We were with a neat group of people today talking mercy ministry and the church and that always gets me stirred up, so be warned – random thoughts ahead.
But imagine someone asking whether social ministries are hindering church planting in Africa. In other words, are there too many Christians who are going out to do things like dig wells without actually making disciples and helping establish biblical local churches?
Now this is a funny kind of question, because it is two questions pretending to be one. Are there too many professing Christians who are going out to do social kinds of work without a passion for the local church and gospel ministry and planting biblical communities in Africa? That’s the first question. My guess is yes. I actually don’t think I would have to guess. Yes. (But we could ask this question another way then, are they actually doing effective mercy ministries if they are not concerned about discipleship and establishing local churches? No way. So are there too many people then who are doing poor, ineffective social kinds of ministries because they are primarily concerned about digging wells and less concerned about people’s spiritual condition? Probably. But mercy without truth is hardly mercy. Would I actually want these same people to stop digging wells and start doing church planting? Is that the answer? No, not really, I would want them to be discipled first. If they can’t dig a well without caring about someone’s spiritual condition, then I certainly wouldn’t want them to start a church.) The point is, the problem isn’t nearly as much with the fact that someone goes to a village in Africa and wants to love the people there and notices that they don’t have water and so he works alongside of the people he loves and he disciples them as he does and shows them the love of Christ and shares the gospel with them as he does so. The problem instead is with the fact someone can claim to be a Christian and think he is actually caring about someone without actually caring about helping them become part of a biblical local church. Are there too many people who are just doing things like digging wells without a concern for the gospel and church planting? Probably. But don’t stop there. The second question is this hindering church planting? Well, be clear, are you asking, is it really a concern for helping people have water hindering church planting or is it more immature believers who aren’t churchmen being sent out as missionaries who are hindering church planting? I think it is actually the latter.

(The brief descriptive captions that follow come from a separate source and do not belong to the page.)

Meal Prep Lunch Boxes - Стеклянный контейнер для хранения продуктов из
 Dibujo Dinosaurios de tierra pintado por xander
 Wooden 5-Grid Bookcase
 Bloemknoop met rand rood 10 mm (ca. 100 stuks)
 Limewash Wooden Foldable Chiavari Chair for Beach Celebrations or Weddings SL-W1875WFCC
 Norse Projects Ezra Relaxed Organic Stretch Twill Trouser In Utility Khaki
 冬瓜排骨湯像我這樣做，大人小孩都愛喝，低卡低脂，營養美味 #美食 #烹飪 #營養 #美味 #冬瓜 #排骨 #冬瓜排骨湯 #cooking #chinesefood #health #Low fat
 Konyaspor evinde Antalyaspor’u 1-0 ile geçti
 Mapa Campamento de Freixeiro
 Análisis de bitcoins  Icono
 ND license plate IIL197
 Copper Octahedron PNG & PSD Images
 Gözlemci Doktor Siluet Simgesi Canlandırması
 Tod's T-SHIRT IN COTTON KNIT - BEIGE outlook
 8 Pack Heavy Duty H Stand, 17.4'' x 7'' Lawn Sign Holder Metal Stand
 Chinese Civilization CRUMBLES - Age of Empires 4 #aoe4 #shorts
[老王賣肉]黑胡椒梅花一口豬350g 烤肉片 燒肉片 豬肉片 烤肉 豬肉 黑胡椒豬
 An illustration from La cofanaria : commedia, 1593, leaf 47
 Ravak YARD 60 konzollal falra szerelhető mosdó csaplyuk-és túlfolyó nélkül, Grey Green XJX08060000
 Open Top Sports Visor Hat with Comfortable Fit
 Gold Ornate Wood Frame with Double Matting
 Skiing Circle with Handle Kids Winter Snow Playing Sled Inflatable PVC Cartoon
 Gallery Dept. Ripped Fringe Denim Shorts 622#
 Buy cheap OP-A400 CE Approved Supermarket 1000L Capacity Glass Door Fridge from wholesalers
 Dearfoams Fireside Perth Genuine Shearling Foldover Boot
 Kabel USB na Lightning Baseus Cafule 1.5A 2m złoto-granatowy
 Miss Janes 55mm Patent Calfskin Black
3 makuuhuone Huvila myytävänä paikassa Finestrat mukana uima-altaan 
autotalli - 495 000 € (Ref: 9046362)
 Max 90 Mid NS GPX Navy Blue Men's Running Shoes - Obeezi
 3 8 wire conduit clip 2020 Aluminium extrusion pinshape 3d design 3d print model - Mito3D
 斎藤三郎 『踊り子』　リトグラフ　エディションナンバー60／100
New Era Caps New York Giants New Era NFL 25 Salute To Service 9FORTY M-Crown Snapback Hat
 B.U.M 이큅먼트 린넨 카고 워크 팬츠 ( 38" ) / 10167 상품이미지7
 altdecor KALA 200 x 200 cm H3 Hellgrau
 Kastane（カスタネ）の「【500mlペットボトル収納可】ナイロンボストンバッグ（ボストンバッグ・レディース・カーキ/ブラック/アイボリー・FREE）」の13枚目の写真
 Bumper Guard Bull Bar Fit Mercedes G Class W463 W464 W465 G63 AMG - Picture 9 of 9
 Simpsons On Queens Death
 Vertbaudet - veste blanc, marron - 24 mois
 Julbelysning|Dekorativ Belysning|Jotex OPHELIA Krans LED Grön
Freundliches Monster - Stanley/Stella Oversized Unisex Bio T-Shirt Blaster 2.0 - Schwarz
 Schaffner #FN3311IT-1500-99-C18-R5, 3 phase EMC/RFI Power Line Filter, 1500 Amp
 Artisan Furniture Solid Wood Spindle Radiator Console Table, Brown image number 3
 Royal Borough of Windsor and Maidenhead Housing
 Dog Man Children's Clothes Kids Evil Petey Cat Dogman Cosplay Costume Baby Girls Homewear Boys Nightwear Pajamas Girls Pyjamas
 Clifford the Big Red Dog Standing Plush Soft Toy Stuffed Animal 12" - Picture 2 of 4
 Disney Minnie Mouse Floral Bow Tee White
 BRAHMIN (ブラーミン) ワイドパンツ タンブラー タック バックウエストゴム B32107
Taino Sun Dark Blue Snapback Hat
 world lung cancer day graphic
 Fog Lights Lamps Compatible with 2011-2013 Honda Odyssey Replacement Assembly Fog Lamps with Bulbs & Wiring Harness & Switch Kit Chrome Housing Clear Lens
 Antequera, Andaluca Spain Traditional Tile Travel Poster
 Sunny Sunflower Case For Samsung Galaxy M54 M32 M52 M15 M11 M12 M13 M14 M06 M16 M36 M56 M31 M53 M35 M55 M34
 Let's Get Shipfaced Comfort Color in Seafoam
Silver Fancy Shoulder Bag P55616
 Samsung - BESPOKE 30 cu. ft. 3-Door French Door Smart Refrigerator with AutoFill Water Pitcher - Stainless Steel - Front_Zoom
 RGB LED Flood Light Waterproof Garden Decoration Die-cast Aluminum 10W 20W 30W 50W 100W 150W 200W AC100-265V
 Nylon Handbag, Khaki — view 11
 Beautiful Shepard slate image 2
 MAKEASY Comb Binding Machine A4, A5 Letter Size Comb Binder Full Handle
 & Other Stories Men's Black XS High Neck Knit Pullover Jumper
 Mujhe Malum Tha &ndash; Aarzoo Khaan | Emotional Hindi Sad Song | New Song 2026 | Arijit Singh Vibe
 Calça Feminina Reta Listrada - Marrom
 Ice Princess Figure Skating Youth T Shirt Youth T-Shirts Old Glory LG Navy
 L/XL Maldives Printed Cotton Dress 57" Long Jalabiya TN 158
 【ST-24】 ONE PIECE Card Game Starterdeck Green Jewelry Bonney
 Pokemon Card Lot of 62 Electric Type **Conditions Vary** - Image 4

Let’s take this a step further for fun. Say, I am a church planter who goes to a village in Africa that doesn’t have a biblical local church and doesn’t have a well. Now, do I say to myself, I am only a church planter, so I don’t have to be concerned that people don’t have water. I mean really, would you want someone who says that kind of thing to himself even to be a church planter? Is a man who can teach the Scriptures to someone who doesn’t have water and have very little concern that they do not have water even qualified to be a church planter? I don’t think so. Definitely not.
Of course, it may be difficult for me to build a well and do effective evangelism and church planting. (Now, maybe not. Who says when you build a well, you can’t bring someone along with you and talk to them about the gospel? Why does well digging have to be a quiet, solitary activity anyway?) But, say, the church planter is like me, and wouldn’t know where to begin with helping a community build a well. What if a local church in the States sent someone over to help with helping the community learn how to build wells? Is that hindering church planting then? I suppose it could if they sent the wrong kind of man over. But what if they sent someone with a passion for the local church, someone who wanted to see people discipled, someone who was willing to serve alongside the primary teaching missionary and help him with practical kinds of problems like this? We might even call him a “deaconary” or something like that. I don’t think that would hinder church planting at all. It would aid it in all kinds of different ways.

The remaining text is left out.